Iowa hasn’t won consecutive games in over a month, hasn’t scored 80 points (which used to be its average) in exactly a month, and what’s more worrisome is that they really seem to think nothing’s wrong. If there is, they certainly don’t have any answers.

Jarrod Uthoff has never been overly endearing to media members, at least to say that he speaks bluntly and often can come off as a bit of a smart-ass. He speaks in spurts, but the man got a 4.0. He may rather tell you he speaks ‘succinctly,’ but one thing not up for debate is that he speaks intelligently, which made his reaction after the game even more startling.

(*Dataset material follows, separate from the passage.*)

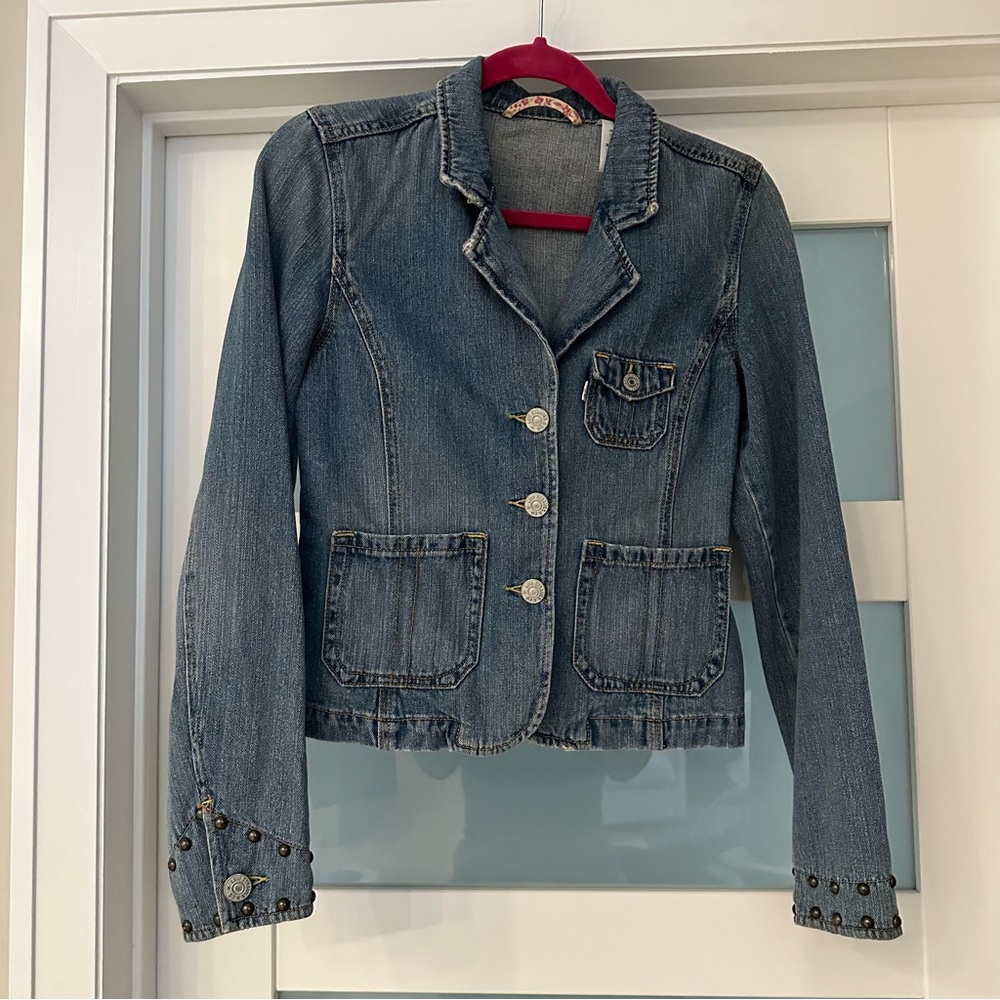 Vintage Levi’s Y2K Studded Distressed Denim Jean Blazer Jacket Cotton Sz…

When asked what it was that hindered the Iowa offense, Uthoff didn’t give credit to the Illinois defense. He didn’t even present that ‘hey, maybe we just had an off night.’ No, instead he gave the question a few seconds to marinate, thought, and slowly sputtered: “I don’t know.”

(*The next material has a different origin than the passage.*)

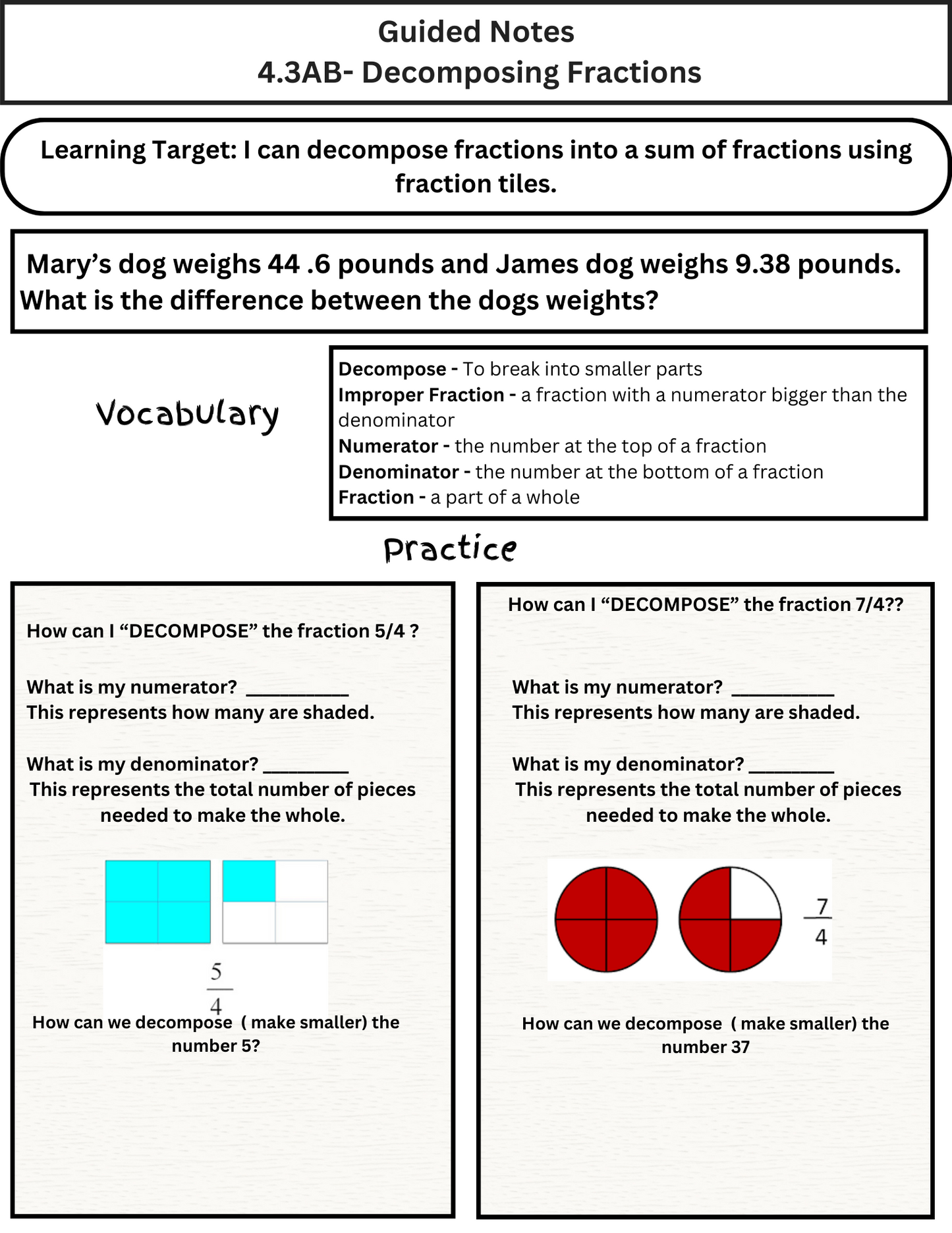 4th Grade Fractions Guided Notes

Note something about student-athletes: they are trained and taught how to handle the media. In general, there’s a P.C. answer for everything, and certain messages or ideas that the team wants to avoid or focus on. If they meet a question they don’t have an answer essentially scripted for, they try.

They don’t say “I don’t know.”

“I don’t know” is a sign of withdrawal.

When asked why this Iowa team is suffering an eerily similar collapse to that of 2013-2014, the responses have been, in short, “this is a different year, we’re a different team.” Today, however, Peter Jok offered up nothing, which tells us something.

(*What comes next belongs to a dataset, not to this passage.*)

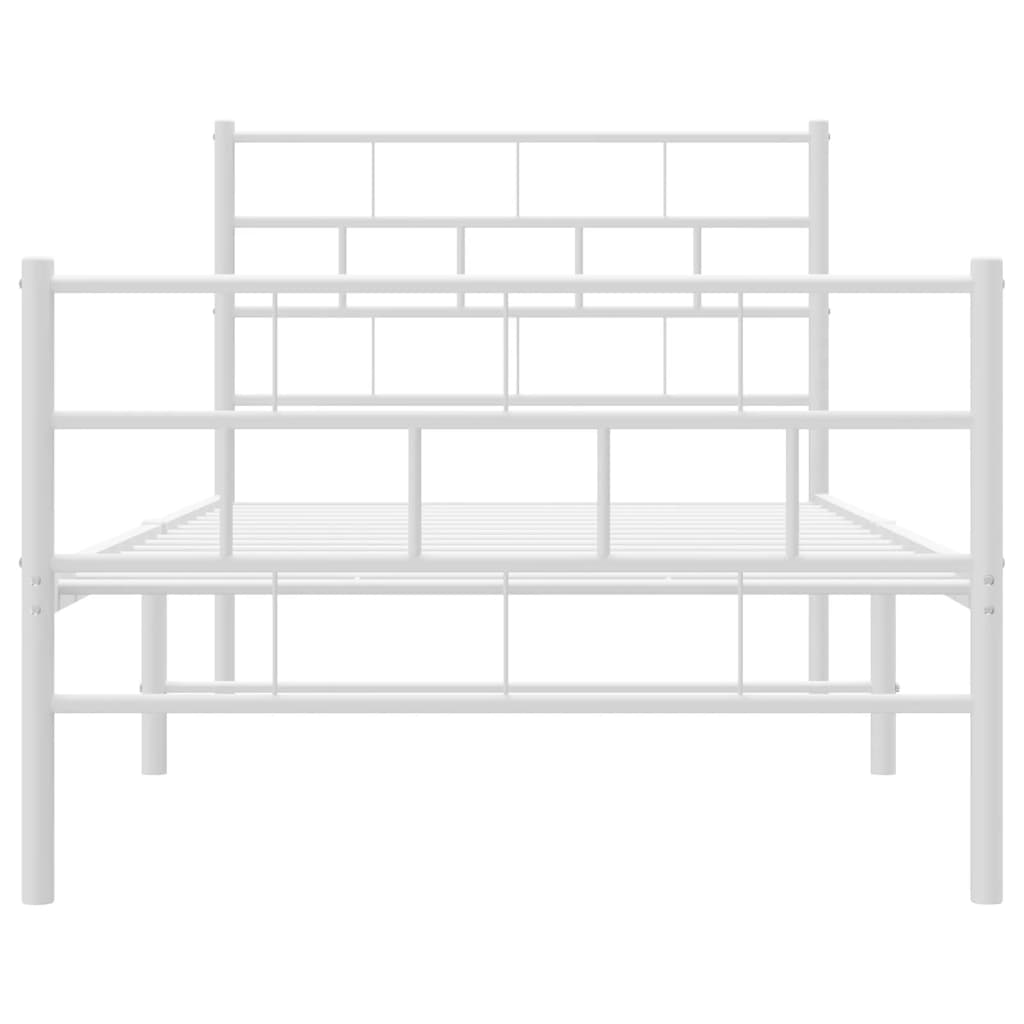 Estrutura de cama com cabeceira e pés 75x190 cm metal branco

“I don’t know what it is,” Jok said. “I really can’t answer that.”

It was no longer an instant dismissal. It was a premise that Jok at least recognized to be legitimate, and he can’t explain it. Depending how things pan out in the NCAA Tournament in the coming weeks, the Hawkeye community may turn their focus to the man who’s supposed to be steering the ship.

“Everybody struggled tonight, that was unfortunate,” McCaffery said, as if it was a random stroke of bad luck.

But then, worst of all, he said the same damn thing he said after losing his chance at a Big Ten title to Indiana by three points at home on March 1.

“What I was proud of was the fight they showed to come back and tie the game,” McCaffery said. “Because it certainly didn’t look like we were going to tie the game.”